The Seventh Circuit “has yet to address how district courts should manage collective actions,” but “courts in this district have commonly applied a two-part test to determine whether an FLSA claim may proceed as a collective action.” Binissia v. ABM Indus., Inc., No. 13 C 1230, 2014 WL 793111, *3 (N.D.Ill. Feb. 26, 2014) (citing Jirak v. Abbott Labs., Inc., 566 F.Supp.2d 845, 847 (N.D.Ill.2008)). At the first stage, the court conditionally certifies the collective action if the plaintiffs “make a ‘modest factual showing’ sufficient to demonstrate that they and potential plaintiffs together were victims of a common policy or plan that violated the law.” Binissia, 2014 WL 793111, at *3 (citing Smallwood v. Ill. Bell Tel. Co., 710 F.Supp.2d 746, 750 (N.D.Ill.2010), and Jirak, 566 F.Supp.2d at 847). This modest factual showing cannot be founded solely on the complaint’s allegations. Rather, “plaintiffs must provide some evidence in the form of affidavits, declarations, deposition testimony, or other documents” of a common policy to which they and other similarly situated employees were subjected. Id. It must also appear that the common policy, if established, violated the law; thus, “a plaintiffs job title alone is ‘insufficient to establish the exempt status of an employee. Instead, the court must look beyond the formal [ ] job descriptions and to their day-to-day responsibilities to determine whether, employees are misclassified.’ ” Gromek v. Big Lots, Inc., No. 10 C 4070, 2010 WL 5313792, *4 (N.D.Ill. Dec. 17, 2010) (citing Johnson v. Big Lots Stores, Inc., 561 F.Supp.2d 567, 579 (E.D.La. 2008)). In the second stage, after the completion of discovery and the opt-in process, the court reexamines the conditional certification to determine whether trial as a collective action is proper.
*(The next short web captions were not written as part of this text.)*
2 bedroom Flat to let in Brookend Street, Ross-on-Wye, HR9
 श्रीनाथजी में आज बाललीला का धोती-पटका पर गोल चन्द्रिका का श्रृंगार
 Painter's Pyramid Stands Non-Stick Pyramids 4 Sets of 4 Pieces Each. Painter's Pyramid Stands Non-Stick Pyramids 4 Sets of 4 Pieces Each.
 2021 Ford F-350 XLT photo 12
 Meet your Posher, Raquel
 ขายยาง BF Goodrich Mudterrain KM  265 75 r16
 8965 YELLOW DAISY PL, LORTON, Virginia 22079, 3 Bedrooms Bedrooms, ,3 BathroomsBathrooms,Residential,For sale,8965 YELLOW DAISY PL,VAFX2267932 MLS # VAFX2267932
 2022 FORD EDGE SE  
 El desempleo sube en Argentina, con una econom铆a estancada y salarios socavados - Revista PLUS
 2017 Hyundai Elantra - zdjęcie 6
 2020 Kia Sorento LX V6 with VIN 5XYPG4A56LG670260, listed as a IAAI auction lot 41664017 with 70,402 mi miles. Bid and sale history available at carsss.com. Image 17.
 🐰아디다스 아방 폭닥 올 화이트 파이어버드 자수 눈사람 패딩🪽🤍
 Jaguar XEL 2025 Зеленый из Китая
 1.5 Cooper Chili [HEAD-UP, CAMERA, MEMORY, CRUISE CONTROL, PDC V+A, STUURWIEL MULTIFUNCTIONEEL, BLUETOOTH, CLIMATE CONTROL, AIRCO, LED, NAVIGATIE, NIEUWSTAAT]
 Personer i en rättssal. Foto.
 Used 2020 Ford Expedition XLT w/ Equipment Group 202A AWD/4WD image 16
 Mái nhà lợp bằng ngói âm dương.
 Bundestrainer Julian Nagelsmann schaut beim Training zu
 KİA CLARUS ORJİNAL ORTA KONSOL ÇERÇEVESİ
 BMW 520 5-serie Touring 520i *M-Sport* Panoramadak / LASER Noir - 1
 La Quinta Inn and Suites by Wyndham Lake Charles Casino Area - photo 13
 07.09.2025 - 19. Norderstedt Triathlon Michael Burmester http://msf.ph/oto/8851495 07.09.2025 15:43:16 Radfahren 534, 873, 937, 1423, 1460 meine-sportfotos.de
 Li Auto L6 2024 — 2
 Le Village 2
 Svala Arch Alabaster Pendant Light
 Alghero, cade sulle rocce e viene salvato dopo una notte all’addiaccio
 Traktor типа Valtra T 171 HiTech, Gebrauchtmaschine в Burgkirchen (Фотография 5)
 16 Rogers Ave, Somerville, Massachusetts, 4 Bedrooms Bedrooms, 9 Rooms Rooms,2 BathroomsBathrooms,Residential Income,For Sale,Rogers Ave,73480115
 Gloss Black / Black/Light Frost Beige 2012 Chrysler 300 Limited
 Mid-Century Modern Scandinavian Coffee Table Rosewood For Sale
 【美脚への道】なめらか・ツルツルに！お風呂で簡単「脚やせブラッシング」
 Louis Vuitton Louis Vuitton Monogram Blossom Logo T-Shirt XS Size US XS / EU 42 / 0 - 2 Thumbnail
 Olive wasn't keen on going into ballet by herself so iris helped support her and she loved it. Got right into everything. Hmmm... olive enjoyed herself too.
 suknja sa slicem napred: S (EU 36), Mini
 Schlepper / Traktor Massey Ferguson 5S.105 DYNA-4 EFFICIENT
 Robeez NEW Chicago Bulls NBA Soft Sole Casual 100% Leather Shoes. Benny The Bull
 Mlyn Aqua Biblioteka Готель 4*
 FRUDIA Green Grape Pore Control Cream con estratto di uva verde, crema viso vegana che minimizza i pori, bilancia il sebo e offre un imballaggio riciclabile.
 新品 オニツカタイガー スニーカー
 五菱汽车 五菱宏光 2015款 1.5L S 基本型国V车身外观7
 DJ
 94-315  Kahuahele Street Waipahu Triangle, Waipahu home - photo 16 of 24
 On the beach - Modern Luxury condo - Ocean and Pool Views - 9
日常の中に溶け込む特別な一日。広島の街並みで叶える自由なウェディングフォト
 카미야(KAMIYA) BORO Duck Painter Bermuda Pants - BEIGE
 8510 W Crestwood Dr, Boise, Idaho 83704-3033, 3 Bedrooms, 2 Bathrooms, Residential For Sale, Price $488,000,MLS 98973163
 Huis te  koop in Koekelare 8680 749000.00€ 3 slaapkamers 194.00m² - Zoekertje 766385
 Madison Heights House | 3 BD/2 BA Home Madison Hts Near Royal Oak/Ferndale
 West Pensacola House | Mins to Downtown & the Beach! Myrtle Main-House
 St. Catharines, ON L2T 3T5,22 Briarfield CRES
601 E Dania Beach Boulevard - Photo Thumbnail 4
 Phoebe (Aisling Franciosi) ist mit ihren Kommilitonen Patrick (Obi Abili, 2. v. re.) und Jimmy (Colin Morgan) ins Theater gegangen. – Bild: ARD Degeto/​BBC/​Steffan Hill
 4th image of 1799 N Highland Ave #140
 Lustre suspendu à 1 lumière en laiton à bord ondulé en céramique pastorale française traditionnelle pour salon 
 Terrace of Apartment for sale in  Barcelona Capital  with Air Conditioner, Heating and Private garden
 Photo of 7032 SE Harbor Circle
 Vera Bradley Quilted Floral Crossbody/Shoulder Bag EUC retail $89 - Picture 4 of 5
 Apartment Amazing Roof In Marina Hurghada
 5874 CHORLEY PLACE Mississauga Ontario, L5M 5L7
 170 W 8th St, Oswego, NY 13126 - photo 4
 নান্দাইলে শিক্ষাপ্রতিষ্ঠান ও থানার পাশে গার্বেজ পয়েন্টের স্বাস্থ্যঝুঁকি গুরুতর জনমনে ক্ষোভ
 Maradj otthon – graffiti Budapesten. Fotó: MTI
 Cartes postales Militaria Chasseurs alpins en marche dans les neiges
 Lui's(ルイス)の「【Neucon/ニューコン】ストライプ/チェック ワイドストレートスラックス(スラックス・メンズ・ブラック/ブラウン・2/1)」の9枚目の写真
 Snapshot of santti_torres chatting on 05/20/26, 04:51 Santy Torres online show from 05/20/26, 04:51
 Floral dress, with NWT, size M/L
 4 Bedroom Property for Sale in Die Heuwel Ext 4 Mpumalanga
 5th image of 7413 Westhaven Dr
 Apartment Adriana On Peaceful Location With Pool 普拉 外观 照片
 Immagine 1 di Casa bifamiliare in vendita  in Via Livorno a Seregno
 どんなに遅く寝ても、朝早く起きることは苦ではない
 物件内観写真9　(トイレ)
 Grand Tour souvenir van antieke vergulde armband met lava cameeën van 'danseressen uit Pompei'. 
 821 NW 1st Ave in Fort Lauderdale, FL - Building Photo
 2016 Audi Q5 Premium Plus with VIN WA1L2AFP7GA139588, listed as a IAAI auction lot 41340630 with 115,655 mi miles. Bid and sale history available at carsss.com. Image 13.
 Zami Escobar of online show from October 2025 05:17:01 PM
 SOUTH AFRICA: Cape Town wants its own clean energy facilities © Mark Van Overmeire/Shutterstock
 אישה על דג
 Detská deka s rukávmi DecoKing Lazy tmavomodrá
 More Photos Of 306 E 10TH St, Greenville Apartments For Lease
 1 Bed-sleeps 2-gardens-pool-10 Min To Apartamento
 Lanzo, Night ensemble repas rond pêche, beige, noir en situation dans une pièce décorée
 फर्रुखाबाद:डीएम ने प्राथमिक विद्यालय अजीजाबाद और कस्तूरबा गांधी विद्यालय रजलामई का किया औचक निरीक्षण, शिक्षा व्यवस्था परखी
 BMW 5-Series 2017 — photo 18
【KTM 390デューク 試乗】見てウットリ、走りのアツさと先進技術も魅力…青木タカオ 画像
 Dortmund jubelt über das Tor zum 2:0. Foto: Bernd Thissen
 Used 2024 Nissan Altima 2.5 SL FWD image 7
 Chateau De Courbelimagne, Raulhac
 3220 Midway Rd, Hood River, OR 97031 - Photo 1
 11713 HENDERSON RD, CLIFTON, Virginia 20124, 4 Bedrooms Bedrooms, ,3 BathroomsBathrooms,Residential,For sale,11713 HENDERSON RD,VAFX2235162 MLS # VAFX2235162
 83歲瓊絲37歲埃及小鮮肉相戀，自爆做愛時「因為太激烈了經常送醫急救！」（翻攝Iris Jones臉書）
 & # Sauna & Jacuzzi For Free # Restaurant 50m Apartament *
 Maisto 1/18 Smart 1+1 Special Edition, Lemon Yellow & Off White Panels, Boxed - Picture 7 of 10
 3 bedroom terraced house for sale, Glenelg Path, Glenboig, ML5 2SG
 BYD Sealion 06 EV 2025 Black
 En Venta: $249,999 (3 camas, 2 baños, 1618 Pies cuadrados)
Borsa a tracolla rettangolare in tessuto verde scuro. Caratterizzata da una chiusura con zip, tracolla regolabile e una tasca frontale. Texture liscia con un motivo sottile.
Binissia, 2014 WL 793111, at *3 (citing Jirak, 566 F.Supp.2d at 848).
I. Conditional Certification
Defendant notes that other district courts have denied certification where plaintiffs submitted virtually identical statements containing only conclusory allegations. (Def.’s Resp. [44] at 9.) In Songer v. Dillon Resources, Inc., 569 F.Supp.2d 703 (N.D.Tex.2008), the plaintiffs’ affidavits consisted largely of statements such as “[a]ll drivers for Sunset and Dillon are working overtime because anyone who fails to complete an assigned delivery will lose his minimum guarantee in a later week where there is no work.” Id. at 707. Those affidavits, the court observed, “contain nothing to establish that the plaintiffs have personal knowledge” of how other employees were affected by the alleged common policy. Id. In Guan Ming Lin v. Benihana Nat’l Corp., 755 F.Supp.2d 504 (S.D.N.Y.2010), a putative FLSA collective action alleging violations of federal and New York minimum wage laws, the plaintiffs submitted the affidavit of a single employee stating that he had been paid a base salary below the minimum wage, and that he had witnessed other employees being paid below the minimum wage, as well. The employee’s affidavit presented no information about the identity of the other employees or whether they were eligible for tips. Id. at 510. Defendant also cites Longcrier v. HL-A Co., Inc., 595 F.Supp.2d 1218, 1234 n. 22 (S.D.Ala.2008), *842in which conditional certification was granted. The Longcrier court accepted declarations as evidentiary support but “suggested to both sides” in a footnote that “declarations are far more helpful and enlightening to the extent they are molded and personalized to the circumstances of the individual declarant, rather than amounting to a signature on a generic mass-produced form drafted by counsel.” Id. Nevertheless, plaintiffs met the “requisite modest factual showing to satisfy [the] fairly lenient standard for purposes of conditional certification.” Id. at 1236.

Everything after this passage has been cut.